*Data shown*.
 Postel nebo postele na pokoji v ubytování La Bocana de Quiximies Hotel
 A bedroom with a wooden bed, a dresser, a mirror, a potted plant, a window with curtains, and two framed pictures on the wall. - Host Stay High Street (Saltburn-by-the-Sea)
* * *
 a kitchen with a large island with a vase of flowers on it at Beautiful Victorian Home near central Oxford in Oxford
...
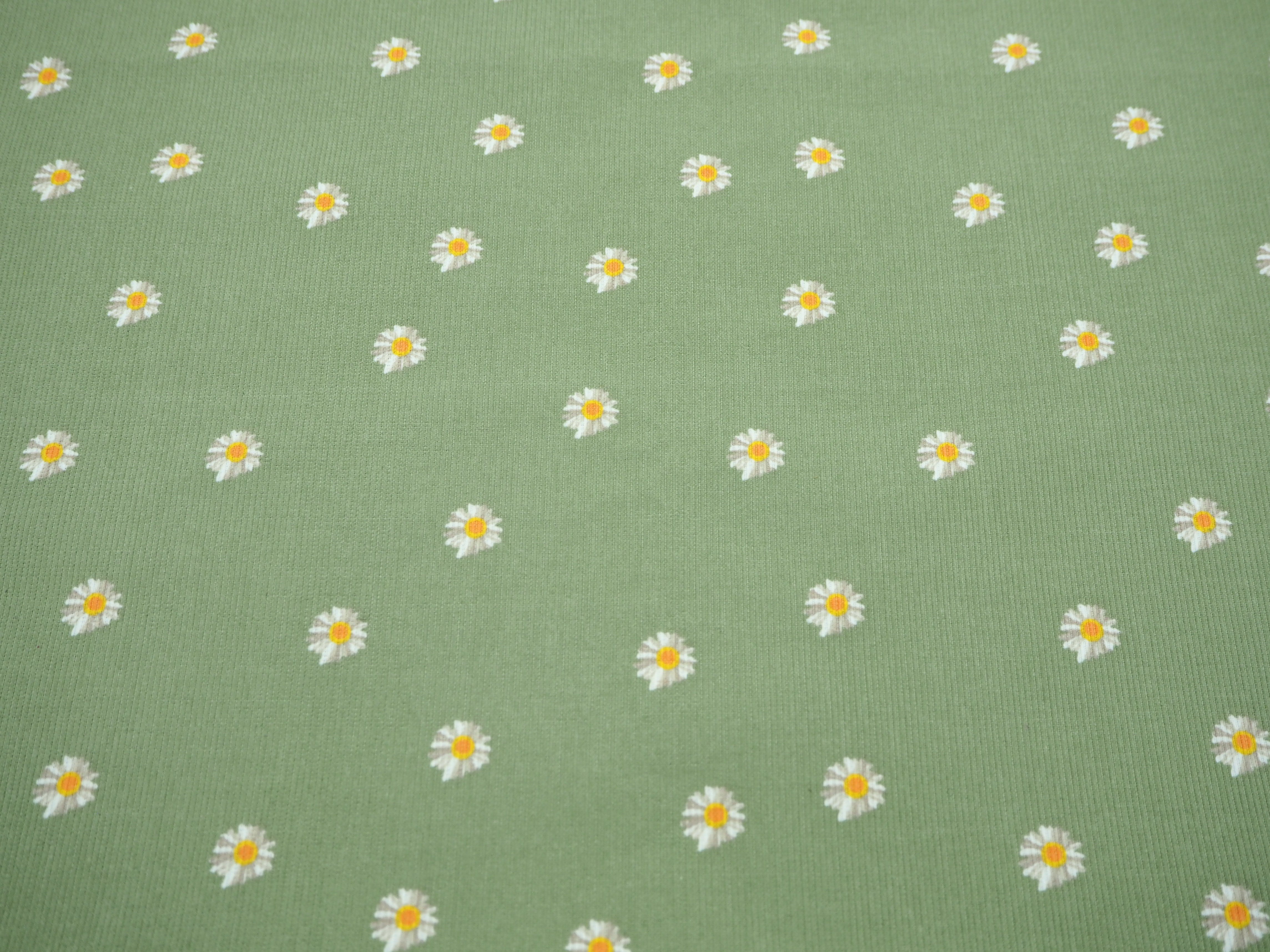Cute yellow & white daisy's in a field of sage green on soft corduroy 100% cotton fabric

*Directions*. Return the lines of the listing where the string "with" appears.

*Output of the exercise*.
 A bedroom with a wooden bed, a dresser, a mirror, a potted plant, a window with curtains, and two framed pictures on the wall. - Host Stay High Street (Saltburn-by-the-Sea)
 a kitchen with a large island with a vase of flowers on it at Beautiful Victorian Home near central Oxford in Oxford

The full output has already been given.